Artificial intelligence is a broad term that describes systems capable of performing tasks that previously required human intelligence, such as reasoning, decision-making, and problem-solving. Machine learning, a subset of AI, involves using data to train models to identify patterns and make predictions based on new data. Deep learning, a specialized branch of machine learning, uses artificial neural networks inspired by the biological neural networks in the human brain. Deep learning enables handling complex problems that traditional machine learning techniques may struggle with, leading to significant advancements in fields such as computer vision, object detection, and natural language processing. Generative AI can be viewed as a subset of deep learning within the broader field of artificial intelligence. Unlike traditional machine learning models, which analyze and classify data for specific tasks, generative AI is powered by massive models that have been pre-trained on large datasets. Traditional machine learning models are narrow-focused, focusing on tasks like identifying fraudulent transactions, and often require separate models for different tasks. In contrast, generative AI uses a single foundation model capable of performing multiple tasks.

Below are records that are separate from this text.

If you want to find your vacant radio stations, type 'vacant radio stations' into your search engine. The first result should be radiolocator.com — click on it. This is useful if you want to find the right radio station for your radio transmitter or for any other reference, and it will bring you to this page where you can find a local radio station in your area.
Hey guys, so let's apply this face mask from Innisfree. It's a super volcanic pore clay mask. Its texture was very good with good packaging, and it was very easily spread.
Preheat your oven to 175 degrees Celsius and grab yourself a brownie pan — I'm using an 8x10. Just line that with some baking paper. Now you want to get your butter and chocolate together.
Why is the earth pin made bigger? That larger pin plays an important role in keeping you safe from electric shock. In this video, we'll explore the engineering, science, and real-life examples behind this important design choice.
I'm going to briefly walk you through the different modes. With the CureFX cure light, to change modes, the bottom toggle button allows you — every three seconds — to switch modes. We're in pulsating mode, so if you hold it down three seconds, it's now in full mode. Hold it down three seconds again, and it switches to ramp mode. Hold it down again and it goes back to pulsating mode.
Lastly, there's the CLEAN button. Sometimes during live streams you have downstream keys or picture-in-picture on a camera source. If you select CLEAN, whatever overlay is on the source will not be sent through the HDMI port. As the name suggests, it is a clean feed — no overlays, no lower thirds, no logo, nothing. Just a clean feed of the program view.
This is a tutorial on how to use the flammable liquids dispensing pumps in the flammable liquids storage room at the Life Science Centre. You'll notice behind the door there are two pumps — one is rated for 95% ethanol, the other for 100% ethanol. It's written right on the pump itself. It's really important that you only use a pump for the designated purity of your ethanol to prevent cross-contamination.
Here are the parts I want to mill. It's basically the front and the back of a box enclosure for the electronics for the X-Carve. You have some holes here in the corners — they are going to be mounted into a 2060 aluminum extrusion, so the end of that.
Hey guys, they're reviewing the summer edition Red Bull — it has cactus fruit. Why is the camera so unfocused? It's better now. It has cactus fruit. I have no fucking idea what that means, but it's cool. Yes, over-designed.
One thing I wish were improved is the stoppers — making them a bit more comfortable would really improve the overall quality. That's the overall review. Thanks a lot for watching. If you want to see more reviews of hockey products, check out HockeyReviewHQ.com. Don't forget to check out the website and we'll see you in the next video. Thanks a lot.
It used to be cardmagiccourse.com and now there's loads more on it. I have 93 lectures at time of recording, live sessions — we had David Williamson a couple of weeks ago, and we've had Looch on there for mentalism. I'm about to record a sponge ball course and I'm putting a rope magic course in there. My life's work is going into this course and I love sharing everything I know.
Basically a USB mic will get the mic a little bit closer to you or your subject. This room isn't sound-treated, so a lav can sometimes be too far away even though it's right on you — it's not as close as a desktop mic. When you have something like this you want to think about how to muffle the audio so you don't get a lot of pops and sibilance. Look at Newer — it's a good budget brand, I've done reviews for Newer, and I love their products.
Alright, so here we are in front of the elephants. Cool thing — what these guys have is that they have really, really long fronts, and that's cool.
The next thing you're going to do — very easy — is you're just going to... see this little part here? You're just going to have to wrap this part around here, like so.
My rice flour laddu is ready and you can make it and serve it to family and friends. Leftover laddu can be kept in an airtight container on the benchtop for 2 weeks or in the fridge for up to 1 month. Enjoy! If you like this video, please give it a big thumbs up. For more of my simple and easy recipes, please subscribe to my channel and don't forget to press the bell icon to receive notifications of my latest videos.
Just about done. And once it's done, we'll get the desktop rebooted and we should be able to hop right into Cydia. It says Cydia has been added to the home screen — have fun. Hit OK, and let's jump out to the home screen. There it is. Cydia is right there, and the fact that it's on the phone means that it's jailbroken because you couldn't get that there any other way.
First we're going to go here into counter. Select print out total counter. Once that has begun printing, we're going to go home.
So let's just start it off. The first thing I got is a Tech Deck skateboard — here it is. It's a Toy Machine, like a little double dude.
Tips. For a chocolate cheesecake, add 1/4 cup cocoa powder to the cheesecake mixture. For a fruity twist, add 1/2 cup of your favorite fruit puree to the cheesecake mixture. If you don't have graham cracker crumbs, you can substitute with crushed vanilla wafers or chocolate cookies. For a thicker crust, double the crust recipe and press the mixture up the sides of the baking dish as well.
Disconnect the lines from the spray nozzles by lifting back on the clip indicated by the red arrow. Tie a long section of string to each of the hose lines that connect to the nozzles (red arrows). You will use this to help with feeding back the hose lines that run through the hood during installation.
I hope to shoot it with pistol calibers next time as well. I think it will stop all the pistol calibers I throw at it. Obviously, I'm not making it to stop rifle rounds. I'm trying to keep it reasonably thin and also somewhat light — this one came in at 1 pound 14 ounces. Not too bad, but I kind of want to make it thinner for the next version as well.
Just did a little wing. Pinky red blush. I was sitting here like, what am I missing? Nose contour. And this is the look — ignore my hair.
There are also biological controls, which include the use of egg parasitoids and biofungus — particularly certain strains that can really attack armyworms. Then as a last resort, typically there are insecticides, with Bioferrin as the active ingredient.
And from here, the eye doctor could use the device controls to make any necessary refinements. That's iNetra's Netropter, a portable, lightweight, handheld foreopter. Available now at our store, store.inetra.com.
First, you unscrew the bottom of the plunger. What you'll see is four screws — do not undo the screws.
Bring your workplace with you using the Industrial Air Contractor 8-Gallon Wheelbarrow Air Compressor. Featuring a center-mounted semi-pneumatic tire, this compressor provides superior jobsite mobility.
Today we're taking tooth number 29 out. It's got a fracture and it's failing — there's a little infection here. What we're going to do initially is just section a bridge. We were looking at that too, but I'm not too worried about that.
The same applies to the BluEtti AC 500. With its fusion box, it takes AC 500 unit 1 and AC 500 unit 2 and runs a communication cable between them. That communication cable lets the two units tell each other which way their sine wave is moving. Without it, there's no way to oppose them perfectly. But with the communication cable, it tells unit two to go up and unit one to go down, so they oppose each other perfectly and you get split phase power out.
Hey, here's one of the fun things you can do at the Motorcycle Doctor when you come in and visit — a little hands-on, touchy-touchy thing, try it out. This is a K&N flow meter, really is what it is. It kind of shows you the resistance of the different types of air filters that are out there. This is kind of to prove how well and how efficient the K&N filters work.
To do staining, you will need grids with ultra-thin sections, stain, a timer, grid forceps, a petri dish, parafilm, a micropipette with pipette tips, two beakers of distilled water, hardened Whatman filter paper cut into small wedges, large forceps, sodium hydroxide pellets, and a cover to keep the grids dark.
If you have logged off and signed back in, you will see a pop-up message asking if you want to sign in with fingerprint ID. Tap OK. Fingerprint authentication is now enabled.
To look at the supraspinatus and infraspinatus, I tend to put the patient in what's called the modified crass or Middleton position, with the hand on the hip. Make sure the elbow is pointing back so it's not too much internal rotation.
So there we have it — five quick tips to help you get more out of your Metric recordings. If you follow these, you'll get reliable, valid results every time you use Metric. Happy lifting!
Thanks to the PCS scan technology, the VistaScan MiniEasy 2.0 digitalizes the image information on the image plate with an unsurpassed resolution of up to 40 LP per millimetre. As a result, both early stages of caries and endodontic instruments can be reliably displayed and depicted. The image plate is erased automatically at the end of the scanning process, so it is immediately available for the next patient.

Generative AI has gained significant attention recently, and although its foundation is deep learning, the rapid growth in this field is a more recent phenomenon. This surge can be attributed to several key factors, including advancements in neural network architectures, the introduction of Generative Adversarial Networks (GANs), and the Transformer Architecture in 2017. Recent advances in neural network architectures, combined with access to vast amounts of publicly available internet-scale data such as text and images, have driven the growth of generative AI. Also, specialized computing resources, including GPU-backed instances and hardware accelerators, are crucial for running and training these large models and performing complex calculations. Significant investment in computational infrastructure and large research teams has also played a key role in this development.
Generative AI improves customer experiences, boosts employee productivity, and drives business value across various applications. Unlike traditional machine learning, which focuses on recognizing patterns, generative AI can create entirely new content, such as conversations, stories, images, and even code. The key characteristic is its generative nature, with models pre-trained on extensive datasets.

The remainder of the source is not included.